1) Matlab test. This ran in about 0.19ms/frame. (i.e. top copy F into A(i,:,:))

F=ones(1,448,48,'uint8');
A = zeros(1000,448,48,'uint8');
tic; 
for i=1:1000 
     A(i,:,:) = F; 
end; 
T=toc  % = 0.19 sec. Given 1000 frames also == ms/frame

2) Opencv equivalent. This takes about 1.4 ms / frame.
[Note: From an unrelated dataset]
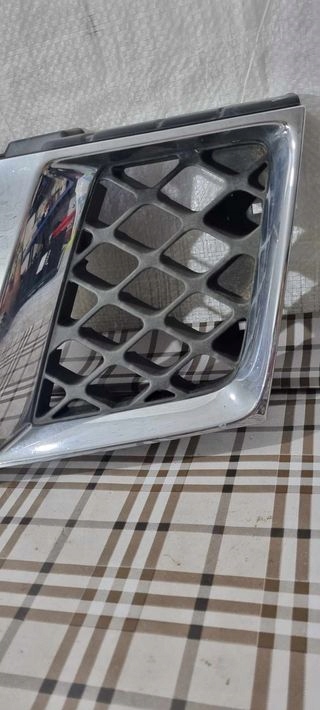 фото №4, Решітка радіатора решітка радіатора nissan navara d40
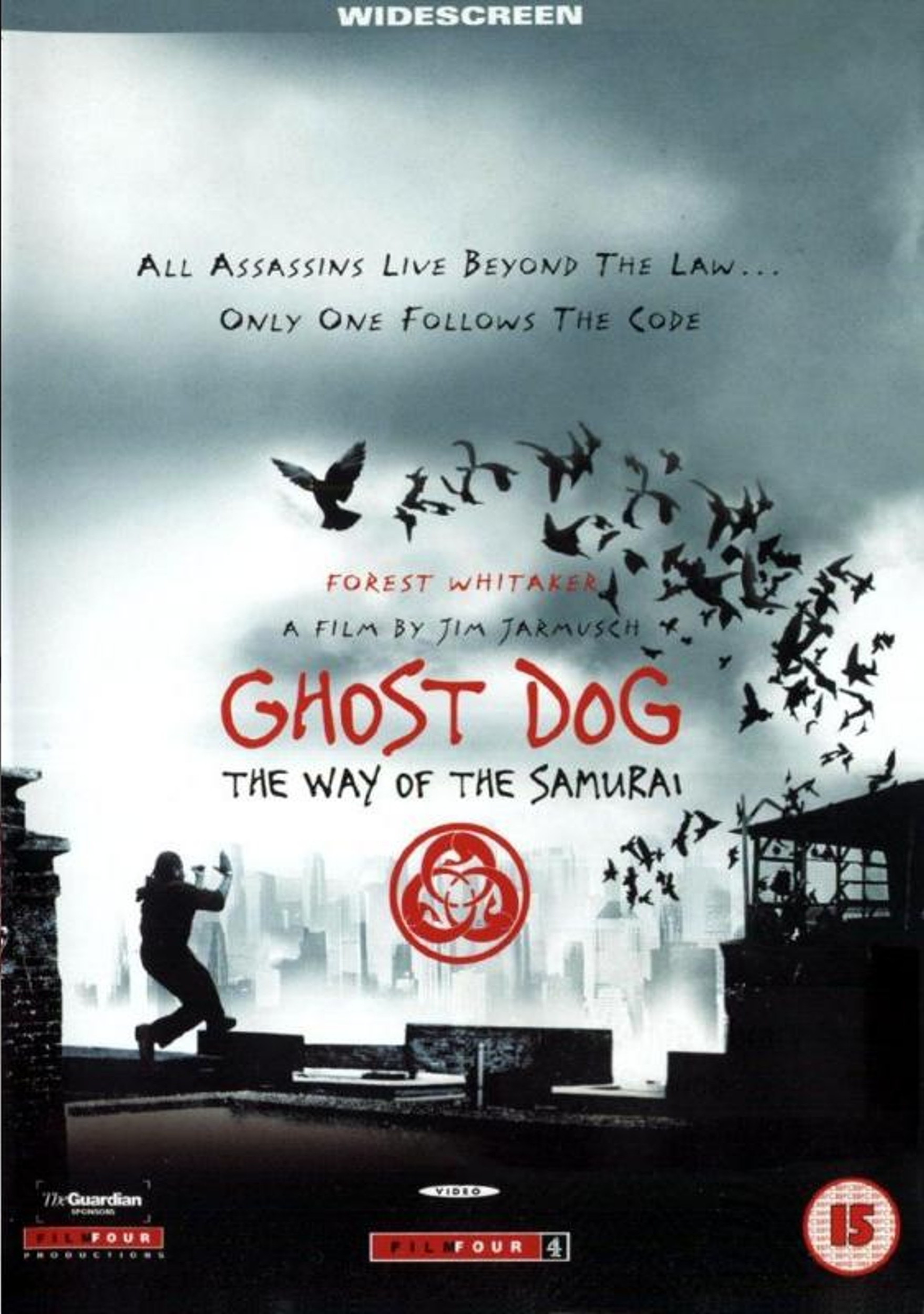 Movie Ghost Dog: The Way of th - Interior Design Poster review and price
Note, copyTo doesn't treat 2d marices and the equivalent 3d slices the same so extra variables are needed to provide a the same 3d slice view to both the 2d source and 3d slice target to make copyTo "happy". The views point to the same matrix data, or portion thereof, as their original variables.

int nReadFrames = (int)cap.get(CV_CAP_PROP_FRAME_COUNT);
int nFrameCols = (int)cap.get(CV_CAP_PROP_FRAME_WIDTH); // 448
int nFrameRows = (int)cap.get(CV_CAP_PROP_FRAME_HEIGHT); // 48

int a3DMsizes[3] = {nFrameRows,nFrameCols,nReadFrames};
int aslicesizes[3] = {nFrameRows,nFrameCols,1};
Mat MovieFrames3D = Mat::zeros(3,a3DMsizes,CV_8UC1); // target 3d array
Mat FramePlane; // Generic slice that will hava a 3d slice (plane) view of the 2d matrices 
Range MovieFrames3DRanges[] = {Range::all(),Range::all(),Range(0,1)}; // first slice range; 
Mat MovieFrames3DPlane; // slice of the 3d target array

Mat Frame = Mat::ones(nFrameRows,nFrameCols,CV_8UC1);  // for non read/copyTo spead test.  
FramePlane = Mat::Mat(3,aslicesizes,CV_8UC1,Frame.data); // for non read/copyTo spead test.  

MovieFrames3DPlane = MovieFrames3D(MovieFrames3DRanges);     // slice ,aka plane ,0  
int iFrame;
double t = (double)getTickCount(); 
for(iFrame=0;iFrame < nReadFrames;iFrame++) {
    FramePlane.copyTo(MovieFrames3DPlane);//copying Frame  Frames3D(:,:,iFrame)         
Frames3D(:,:,0) for test only
}
t = ((double)getTickCount() - t)/((double)nReadFrames * getTickFrequency());     
cout << "Times passed in ms per frame: " << t*1000.0 << endl;

EDIT - since I fist posted this, in order to absolutely confirm the culpability of copyTo, I tried another rev where I removed everything from the loop except the copyTo statement (FramePlane.copyTo(MovieFrames3DPlane);). Note, to make this work I inserted MovieFrames3DPlane = MovieFrames3D(MovieFrames3DRanges); right before the loop. The result is that it writes the Frame into just the first slice (plane) of Frames3D. The result didn't change the times significantly. Still 7x or so slower than malab.